Identification of RET mutations in colon cancer by NGS and validation of NGS results
Among the RTKs showing variants identified in this study, we decided to biologically validate the variants identified in the gene encoding the RET receptor. The reasoning for this choice was that, at difference with what happens in thyroid and lung cancer, the involvement of RET proto-oncogene to the development of colon cancer is unclear. Variants in the RET gene were identified in four colon cancer patients (patients CC12, CC20, CC25 and CC33), as indicated in Additional file 2.
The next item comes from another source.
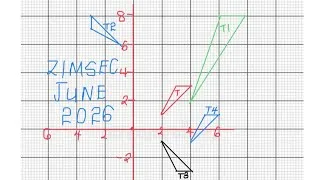 Thumbnail: Zimsec June 2026, Maths Paper 2, number 10 transformation solution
In the present study, we have identified a C/T transition that led to the replacement of P1047 with S (P1047S) in the cytoplasmic tail of RET in patient CC12, a C/T transition that led to the replacement of P270 with L (P270L) in the RET extracellular domain in patient CC33, an A/T transversion that led to the replacement of G533 with C (G533C) in the cysteine-rich domain of RET protein in patient CC20 and a G/A transition that led to the replacement of R77 with C (R77C) in the RET extracellular domain in patient CC25.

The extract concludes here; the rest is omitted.